» **TASK**
Copying rule for the data below: pictures stay out, and only the lines from the one with "New inventions –" down to the one with "CARACTERÍSTICAS DE LAS", inclusive, are repeated exactly.

» **DATA FOR THIS EXERCISE**

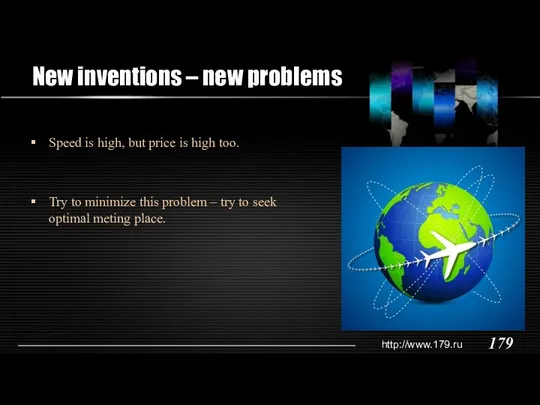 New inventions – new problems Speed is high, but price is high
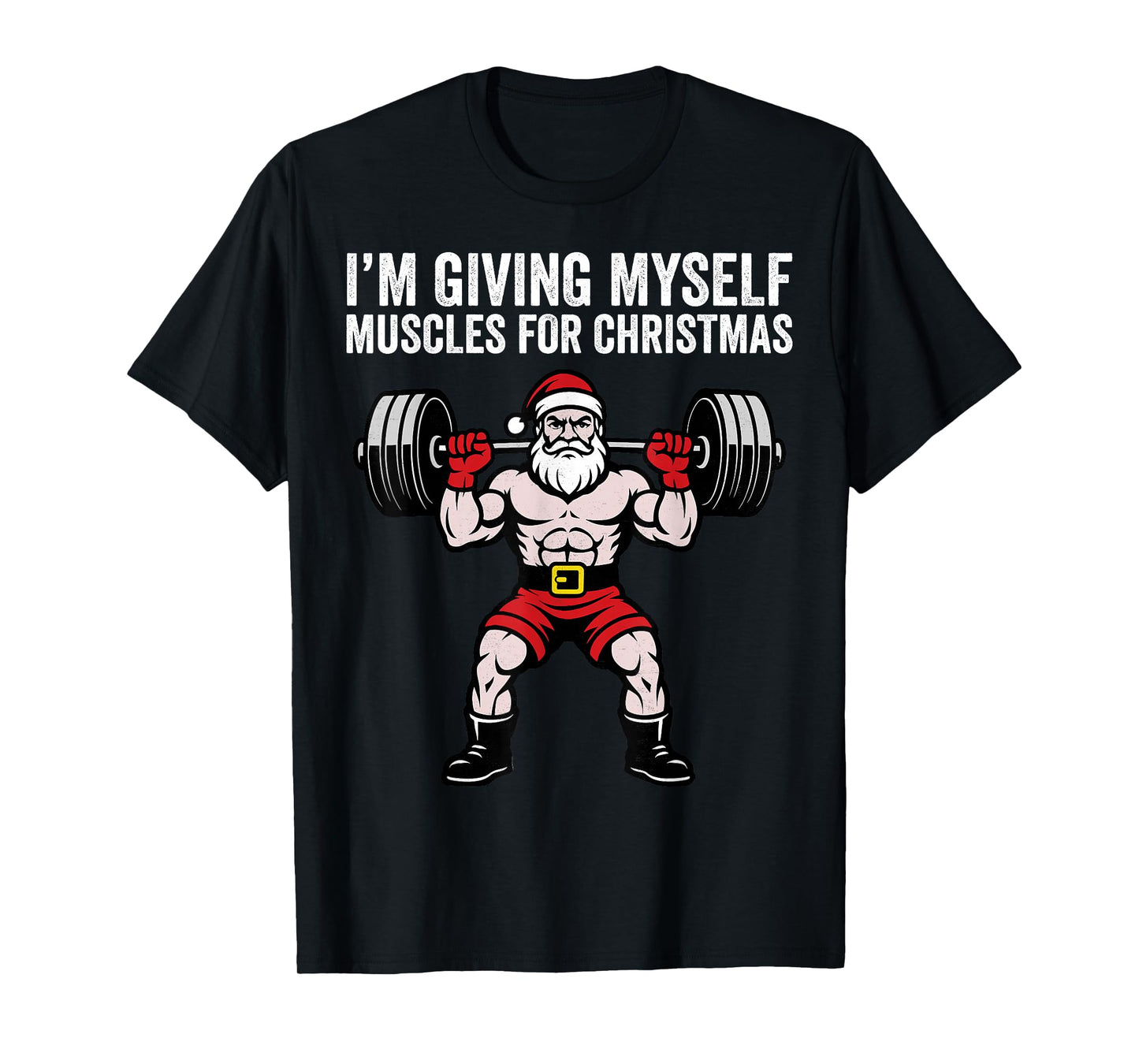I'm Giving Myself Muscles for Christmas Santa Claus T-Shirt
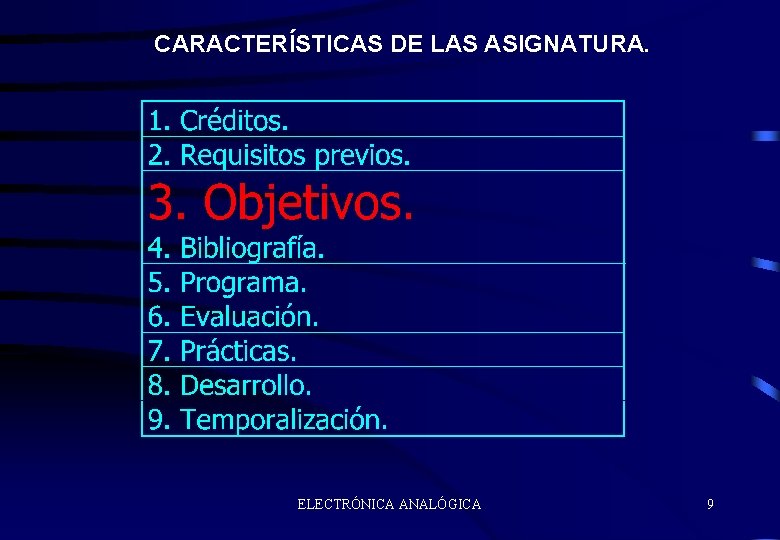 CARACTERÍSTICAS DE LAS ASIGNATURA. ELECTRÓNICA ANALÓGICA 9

* * *

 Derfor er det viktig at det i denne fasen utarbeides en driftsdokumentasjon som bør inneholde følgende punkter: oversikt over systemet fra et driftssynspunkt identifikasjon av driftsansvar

» **ANSWER SECTION**
 New inventions – new problems Speed is high, but price is high
I'm Giving Myself Muscles for Christmas Santa Claus T-Shirt
 CARACTERÍSTICAS DE LAS ASIGNATURA. ELECTRÓNICA ANALÓGICA 9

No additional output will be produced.